Un niveau de vie supérieur au Japon d’ici un an
Trop ivre pour comprendre tous ces chiffres, Peter n’a qu’à lever les yeux sur Varsovie en sortant du pub pour constater le miracle économique, visible jusqu’à la nouvelle architecture de la ville. Dans le quartier des affaires, les gratte-ciels rivalisent avec la croissance, les nombreux espaces de « coworking » ont remplacé les kolkhozes, et les grandes entreprises – Samsung, McDonald’s, Google, L’Oreal – brillent de néons multicolores à la place des drapeaux rouges d’autrefois. Face à cette skyline toujours éclairée, Adrian, un cinquantenaire polonais, partage également des rêves de renouveau autour d’un verre. « Un jour, nous serons la Dubaï catholique. L’autre centre mondial incontournable où toutes les marques viendront, et nous serons tous riches. »
Et pourquoi pas ? Selon l’OCDE, le PIB par habitant de la Pologne (54.680 dollars) devrait dépasser celui du Japon (55.190 dollars) dès l’année prochaine. Et l’écart se réduit chaque année avec la France (65.630 dollars). Dans dix ans, ce PIB devrait être plus élevé que celui de tous les pays du G7, à l’exception des États-Unis.
Le premier hub de l’Est
Ce n’est pas le fruit du hasard. « L’équation qualité/compétence/prix que l’on trouve en Pologne n’a pas d’équivalent », souligne Alex, manager français à Margo Consulting Polska, cabinet de conseil en informatique.
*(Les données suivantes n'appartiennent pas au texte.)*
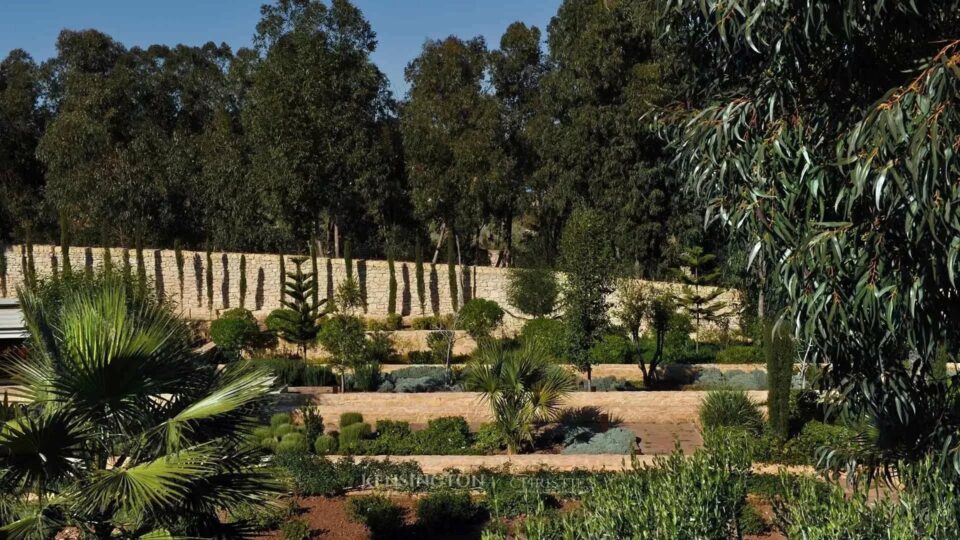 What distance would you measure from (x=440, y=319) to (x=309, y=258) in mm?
5706

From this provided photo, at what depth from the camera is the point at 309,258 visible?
30734 millimetres

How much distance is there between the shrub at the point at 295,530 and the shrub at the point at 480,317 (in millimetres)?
14176

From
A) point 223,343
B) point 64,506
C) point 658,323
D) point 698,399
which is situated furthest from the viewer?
point 223,343

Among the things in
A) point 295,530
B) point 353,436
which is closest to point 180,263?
point 353,436

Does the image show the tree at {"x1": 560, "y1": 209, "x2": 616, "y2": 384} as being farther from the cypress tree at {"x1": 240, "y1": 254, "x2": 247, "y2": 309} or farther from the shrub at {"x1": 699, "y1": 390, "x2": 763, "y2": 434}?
the cypress tree at {"x1": 240, "y1": 254, "x2": 247, "y2": 309}

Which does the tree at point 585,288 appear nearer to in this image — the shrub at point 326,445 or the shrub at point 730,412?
the shrub at point 730,412

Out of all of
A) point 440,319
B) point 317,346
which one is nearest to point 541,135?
point 440,319

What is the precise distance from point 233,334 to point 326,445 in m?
10.5

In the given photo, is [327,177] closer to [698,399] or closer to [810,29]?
[698,399]

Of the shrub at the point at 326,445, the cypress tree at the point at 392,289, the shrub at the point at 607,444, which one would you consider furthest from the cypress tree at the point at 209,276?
the shrub at the point at 607,444

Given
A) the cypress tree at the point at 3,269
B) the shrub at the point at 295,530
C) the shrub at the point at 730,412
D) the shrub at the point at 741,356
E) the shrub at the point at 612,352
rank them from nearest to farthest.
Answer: the shrub at the point at 295,530, the shrub at the point at 730,412, the shrub at the point at 612,352, the shrub at the point at 741,356, the cypress tree at the point at 3,269

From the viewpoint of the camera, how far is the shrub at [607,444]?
1459 cm

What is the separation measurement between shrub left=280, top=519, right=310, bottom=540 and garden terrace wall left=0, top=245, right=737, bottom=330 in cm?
1828

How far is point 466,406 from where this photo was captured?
56.5 ft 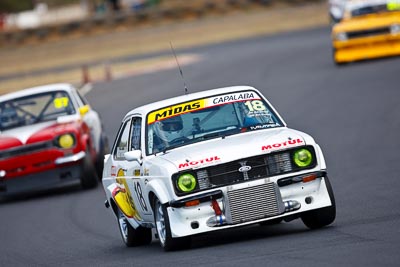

Il n’est pas le seul expatrié : plus de 270 groupes internationaux gèrent leur shared service center depuis la Pologne, représentant 500.000 emplois et 10 % du PIB. Chaque année, 74.000 diplômés des filières « IT » sortent des écoles du pays. Loin du cliché du « plombier polonais » de 2005, la nation forme plus d’ingénieurs en informatique, data analysts, développeurs et experts en cybersécurité que la France, malgré une population deux fois moins nombreuse.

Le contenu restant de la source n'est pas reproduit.